Le 23 janvier 2020, la Cour Suprême de Suède a accordé à l’un des cinquante villages samis, Girjas, les droits exclusifs de chasse et de pêche sur les 5 000 km² de son territoire. Après une décennie de combat juridique, les habitants de Girjas sont donc désormais les seuls à pouvoir décider qui pêche et chasse et dans quelles conditions, sur leurs terres. Cette juridiction inédite nourrit des espoirs de diffusion à travers tout le Sapmi. (Là encore, quel parallèle avec les Aborigènes, à qui le gouvernement australien commence seulement, depuis le tournant du XXIe siècle, à restituer des terres ancestrales !)

Enfin, en Norvège, en Suède et en Finlande, (mais pas en Russie) des parlements samis aux membres élus démocratiquement par les intéressés sont mis en place respectivement en 1989, 1993 et 1996. Ils visent à faire remonter les revendications des communautés samies auprès des gouvernements nationaux, notamment concernant les menaces pesant sur leur mode de vie…

La langue samie s’est également vu attribuer un statut de langue officielle.

Le renne

De tradition nomade, les Samis étaient à l’origine un peuple qui vivait de la pêche et surtout de la chasse des rennes, alors sauvages. Ils se sont tournés vers l’élevage transhumant de rennes semi-domestiques entre les IXe siècle et XVIIe siècles sous la pression exercée par les premières incursions des européens sur leur territoire.
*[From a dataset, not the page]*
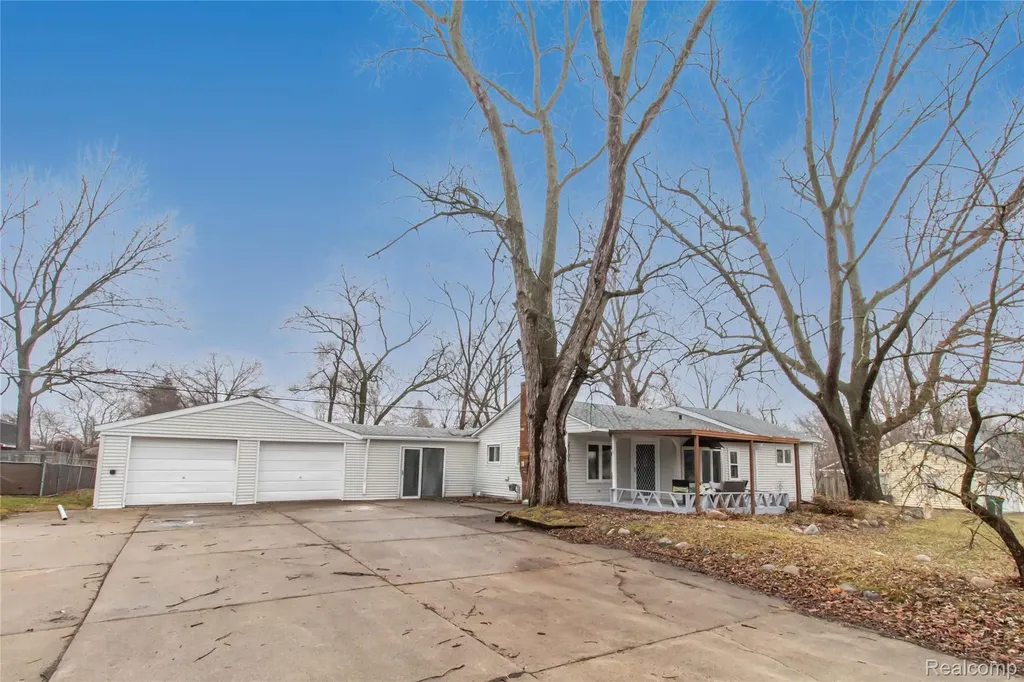 23106 Springbrook Drive Farmington Hills City MI 48336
Le renne est alors au cœur de toute la vie samie, fiançailles, mariages, ustensiles (bois, os), campements et vêtements (peaux), alimentation (viande, lait, graisse), médecine (graisse aussi), fêtes, courses… et même la langue ! Plus de 400 mots existent pour désigner le renne !

En 2017, on compterait environ 280 000 rennes d’élevage en Suède, 240 000 en Norvège, 200 000 en Finlande et 60 000 dans la péninsule de Kola (Russie). Au cours d’une saison de migration les animaux peuvent traverser plusieurs fois les frontières dans un sens et dans l’autre. Les pâtures d’été se trouvent plus en Norvège et celles d’hiver correspondent aux plaines de basse altitude en Suède ou en Finlande.

L’élevage nomade des rennes se fait néanmoins de plus en plus difficile et les éleveurs toujours moins nombreux au fil des années. Les territoires disponibles se réduisent face à l’expansion du secteur minier, des barrages hydroélectriques, de la sylviculture, des villes et des routes et des aires protégées. Le réchauffement climatique rend l’accès à la nourriture plus difficile en fin d’hiver pour les troupeaux, la neige qui fond prématurément peut regeler quand la nuit tombe et la glace empêche les rennes de brouter les lichens.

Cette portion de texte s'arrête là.